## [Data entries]
########
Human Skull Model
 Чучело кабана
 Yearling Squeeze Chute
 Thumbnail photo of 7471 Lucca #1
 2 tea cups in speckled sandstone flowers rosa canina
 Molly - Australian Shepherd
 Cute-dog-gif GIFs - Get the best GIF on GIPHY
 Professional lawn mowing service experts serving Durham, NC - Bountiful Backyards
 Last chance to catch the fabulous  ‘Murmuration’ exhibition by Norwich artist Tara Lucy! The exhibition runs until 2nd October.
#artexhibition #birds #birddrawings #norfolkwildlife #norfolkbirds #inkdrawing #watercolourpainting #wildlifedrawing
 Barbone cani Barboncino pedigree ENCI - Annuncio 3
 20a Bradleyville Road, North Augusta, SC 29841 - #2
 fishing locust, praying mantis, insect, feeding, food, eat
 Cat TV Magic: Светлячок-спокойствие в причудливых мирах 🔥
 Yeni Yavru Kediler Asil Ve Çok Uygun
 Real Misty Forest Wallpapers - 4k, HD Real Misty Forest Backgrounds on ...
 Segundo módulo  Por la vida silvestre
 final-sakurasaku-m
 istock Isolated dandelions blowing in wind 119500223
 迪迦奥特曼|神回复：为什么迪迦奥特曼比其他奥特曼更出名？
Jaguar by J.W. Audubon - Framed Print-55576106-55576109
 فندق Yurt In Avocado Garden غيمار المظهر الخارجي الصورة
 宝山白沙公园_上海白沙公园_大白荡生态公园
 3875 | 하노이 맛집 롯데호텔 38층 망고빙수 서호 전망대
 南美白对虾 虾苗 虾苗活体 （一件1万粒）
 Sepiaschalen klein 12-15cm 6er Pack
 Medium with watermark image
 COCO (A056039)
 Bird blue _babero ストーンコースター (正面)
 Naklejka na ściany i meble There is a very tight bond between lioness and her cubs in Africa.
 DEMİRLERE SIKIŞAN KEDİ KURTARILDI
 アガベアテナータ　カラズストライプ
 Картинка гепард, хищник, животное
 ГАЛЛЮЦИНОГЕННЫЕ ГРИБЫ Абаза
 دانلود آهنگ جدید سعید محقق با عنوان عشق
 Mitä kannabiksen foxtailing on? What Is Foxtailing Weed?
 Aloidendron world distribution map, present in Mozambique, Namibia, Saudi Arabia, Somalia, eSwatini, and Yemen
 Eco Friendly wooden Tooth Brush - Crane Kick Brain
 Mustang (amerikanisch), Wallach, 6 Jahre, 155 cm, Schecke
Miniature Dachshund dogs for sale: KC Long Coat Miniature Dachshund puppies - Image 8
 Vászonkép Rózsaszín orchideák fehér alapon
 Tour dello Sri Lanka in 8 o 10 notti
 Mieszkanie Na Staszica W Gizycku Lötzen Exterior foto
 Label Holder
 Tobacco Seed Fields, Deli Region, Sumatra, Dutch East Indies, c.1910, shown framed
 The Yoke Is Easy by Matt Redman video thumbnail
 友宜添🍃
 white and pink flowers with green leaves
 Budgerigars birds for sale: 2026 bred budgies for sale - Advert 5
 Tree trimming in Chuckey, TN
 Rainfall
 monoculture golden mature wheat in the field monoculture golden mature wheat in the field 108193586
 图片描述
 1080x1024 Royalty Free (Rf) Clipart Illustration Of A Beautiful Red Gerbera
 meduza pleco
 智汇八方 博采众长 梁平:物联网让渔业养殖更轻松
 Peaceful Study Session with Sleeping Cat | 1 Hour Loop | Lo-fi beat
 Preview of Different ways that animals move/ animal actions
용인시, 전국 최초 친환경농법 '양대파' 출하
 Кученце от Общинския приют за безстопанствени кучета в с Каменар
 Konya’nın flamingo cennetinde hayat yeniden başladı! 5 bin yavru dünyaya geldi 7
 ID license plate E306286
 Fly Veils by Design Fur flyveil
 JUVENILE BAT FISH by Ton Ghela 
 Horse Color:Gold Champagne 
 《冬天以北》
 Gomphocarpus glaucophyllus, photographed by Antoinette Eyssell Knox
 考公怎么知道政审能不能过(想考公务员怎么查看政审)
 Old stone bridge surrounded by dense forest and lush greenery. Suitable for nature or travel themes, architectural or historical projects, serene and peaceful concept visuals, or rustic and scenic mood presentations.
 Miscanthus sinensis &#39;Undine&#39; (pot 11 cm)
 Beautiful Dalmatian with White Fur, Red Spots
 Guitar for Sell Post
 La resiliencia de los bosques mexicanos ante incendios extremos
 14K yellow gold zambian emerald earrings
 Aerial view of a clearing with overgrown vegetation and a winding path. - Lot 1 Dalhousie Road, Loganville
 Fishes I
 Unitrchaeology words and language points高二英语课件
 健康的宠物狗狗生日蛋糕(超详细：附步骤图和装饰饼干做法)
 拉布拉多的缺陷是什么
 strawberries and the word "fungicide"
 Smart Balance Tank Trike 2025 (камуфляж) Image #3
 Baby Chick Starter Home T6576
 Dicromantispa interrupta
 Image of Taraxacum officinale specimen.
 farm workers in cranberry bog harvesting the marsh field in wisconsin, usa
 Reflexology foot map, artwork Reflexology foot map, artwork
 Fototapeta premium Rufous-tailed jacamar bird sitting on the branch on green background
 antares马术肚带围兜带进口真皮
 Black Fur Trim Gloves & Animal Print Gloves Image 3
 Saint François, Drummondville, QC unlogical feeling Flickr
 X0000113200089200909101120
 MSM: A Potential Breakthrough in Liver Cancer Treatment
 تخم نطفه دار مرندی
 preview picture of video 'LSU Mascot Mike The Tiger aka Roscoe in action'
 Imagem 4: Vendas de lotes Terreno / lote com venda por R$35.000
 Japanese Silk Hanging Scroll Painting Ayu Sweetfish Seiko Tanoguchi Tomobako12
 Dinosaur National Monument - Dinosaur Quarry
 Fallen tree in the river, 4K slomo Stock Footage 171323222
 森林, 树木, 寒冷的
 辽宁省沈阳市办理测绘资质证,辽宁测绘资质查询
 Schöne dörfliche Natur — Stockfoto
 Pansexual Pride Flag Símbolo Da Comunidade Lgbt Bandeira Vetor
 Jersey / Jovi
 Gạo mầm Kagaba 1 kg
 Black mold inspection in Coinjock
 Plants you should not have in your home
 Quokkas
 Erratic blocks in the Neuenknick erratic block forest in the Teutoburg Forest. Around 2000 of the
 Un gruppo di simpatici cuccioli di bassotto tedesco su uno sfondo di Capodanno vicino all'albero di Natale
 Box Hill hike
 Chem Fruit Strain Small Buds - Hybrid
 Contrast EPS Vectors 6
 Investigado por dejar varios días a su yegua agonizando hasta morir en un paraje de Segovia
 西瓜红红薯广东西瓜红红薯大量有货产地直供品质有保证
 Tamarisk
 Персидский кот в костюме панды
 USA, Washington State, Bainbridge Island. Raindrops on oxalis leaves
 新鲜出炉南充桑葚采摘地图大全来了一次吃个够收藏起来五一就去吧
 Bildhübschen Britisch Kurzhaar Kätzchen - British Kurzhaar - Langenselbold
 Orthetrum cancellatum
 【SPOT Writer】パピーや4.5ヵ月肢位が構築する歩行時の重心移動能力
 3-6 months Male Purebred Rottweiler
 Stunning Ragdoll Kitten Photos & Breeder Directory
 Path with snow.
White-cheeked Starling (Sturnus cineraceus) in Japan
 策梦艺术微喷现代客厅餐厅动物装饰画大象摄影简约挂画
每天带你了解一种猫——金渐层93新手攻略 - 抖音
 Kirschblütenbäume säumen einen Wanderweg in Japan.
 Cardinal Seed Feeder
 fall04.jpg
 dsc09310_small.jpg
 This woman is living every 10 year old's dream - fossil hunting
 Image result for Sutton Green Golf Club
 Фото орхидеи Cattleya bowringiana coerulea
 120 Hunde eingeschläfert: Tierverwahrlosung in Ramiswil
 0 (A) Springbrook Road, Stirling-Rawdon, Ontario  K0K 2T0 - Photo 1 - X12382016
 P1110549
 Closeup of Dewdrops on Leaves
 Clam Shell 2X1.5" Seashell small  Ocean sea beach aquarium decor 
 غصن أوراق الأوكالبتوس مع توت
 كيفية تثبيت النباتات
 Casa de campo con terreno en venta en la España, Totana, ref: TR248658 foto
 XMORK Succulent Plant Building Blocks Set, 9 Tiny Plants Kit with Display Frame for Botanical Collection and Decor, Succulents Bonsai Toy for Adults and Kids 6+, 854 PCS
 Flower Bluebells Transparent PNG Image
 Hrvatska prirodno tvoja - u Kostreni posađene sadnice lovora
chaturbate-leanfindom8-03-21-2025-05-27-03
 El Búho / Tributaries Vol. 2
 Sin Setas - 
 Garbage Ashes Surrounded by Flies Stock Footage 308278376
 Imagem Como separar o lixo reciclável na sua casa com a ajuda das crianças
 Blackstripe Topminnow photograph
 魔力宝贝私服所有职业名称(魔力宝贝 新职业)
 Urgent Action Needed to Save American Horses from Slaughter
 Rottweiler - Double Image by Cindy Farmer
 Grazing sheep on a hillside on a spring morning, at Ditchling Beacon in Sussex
########
## [WORK REQUIRED]
Wherever "Plants" occurs in the records above, copy the line it sits in.

## [ANSWER SPACE]
 Plants you should not have in your home
 XMORK Succulent Plant Building Blocks Set, 9 Tiny Plants Kit with Display Frame for Botanical Collection and Decor, Succulents Bonsai Toy for Adults and Kids 6+, 854 PCS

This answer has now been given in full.